**PROVIDED MATERIAL:**
+ + +

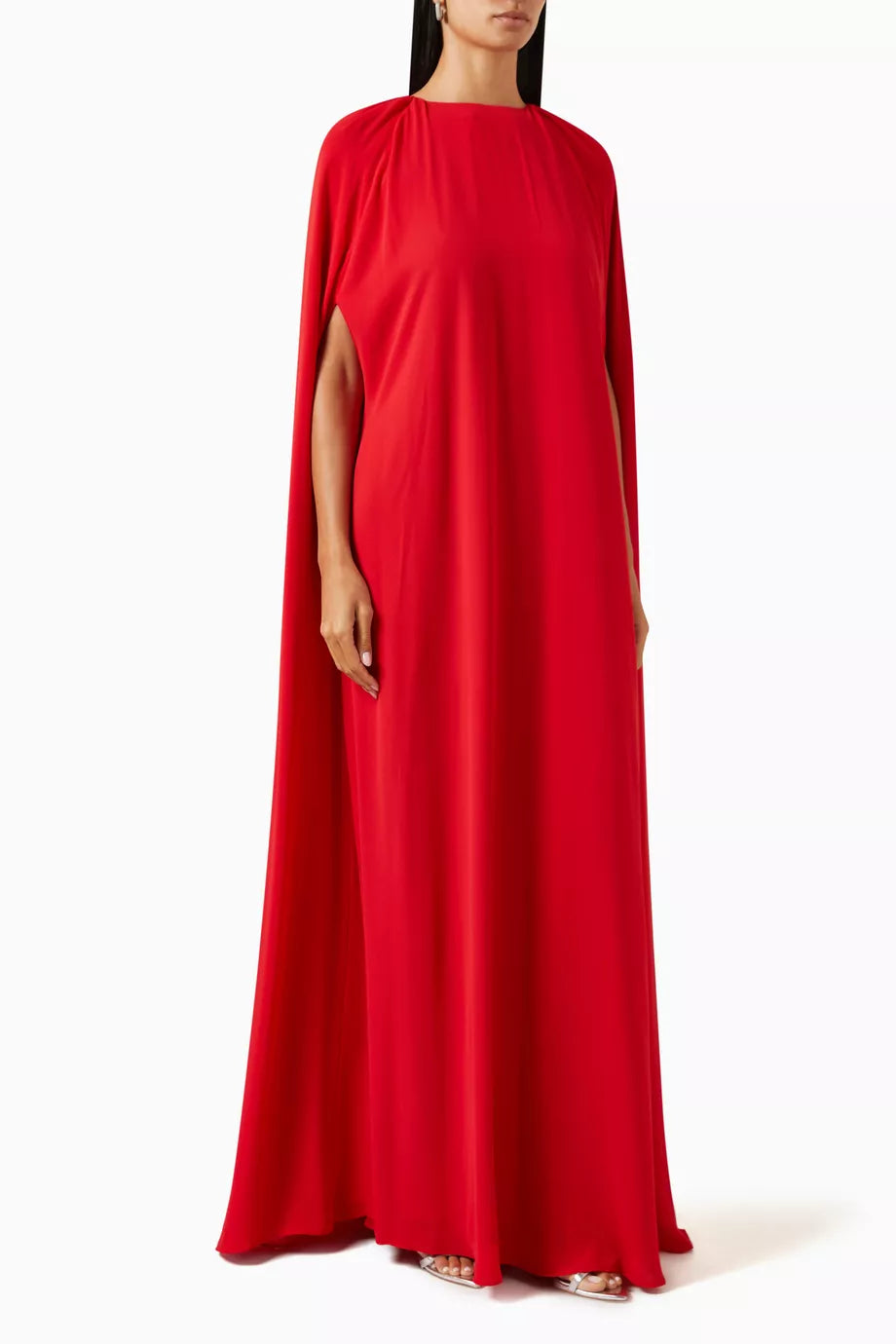 Marco Cape Maxi Dress in Satin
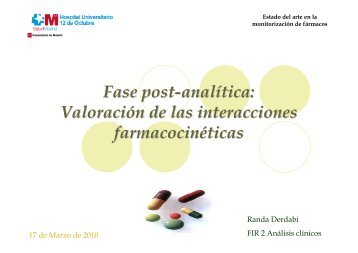 FASE POST-ANALITICA. Consideraciones FarmacocinEticas ...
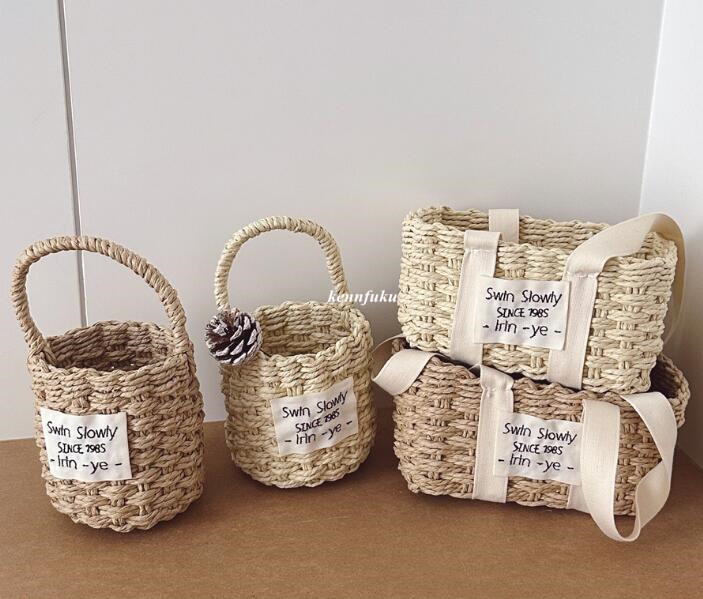 2024新型★草編みハンドバッグ★子供バッグ　2色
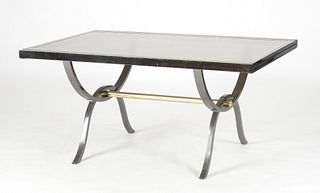 Steel and Tinted Glass Extension Dining Table
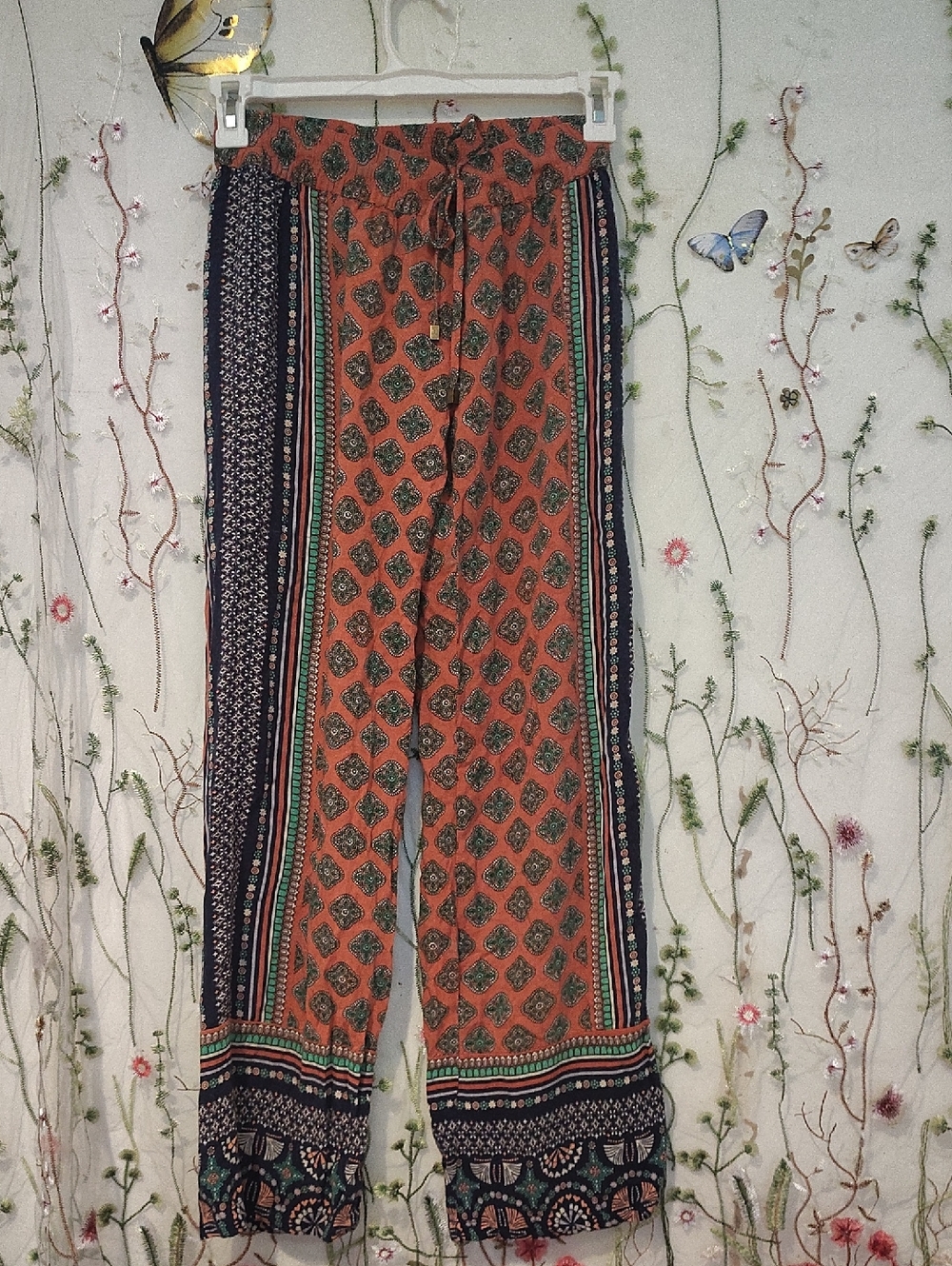 Kenar Rust and Navy Boho Printed  Wide-Leg Palazzo Pants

+ + +

**INSTRUCTIONS TO FOLLOW:** Only the pictures are to be left out, and all of the data must otherwise be transcribed exactly.

**SOLUTION TO THE EXERCISE:**
 Marco Cape Maxi Dress in Satin
 FASE POST-ANALITICA. Consideraciones FarmacocinEticas ...
 2024新型★草編みハンドバッグ★子供バッグ　2色
 Steel and Tinted Glass Extension Dining Table
 Kenar Rust and Navy Boho Printed  Wide-Leg Palazzo Pants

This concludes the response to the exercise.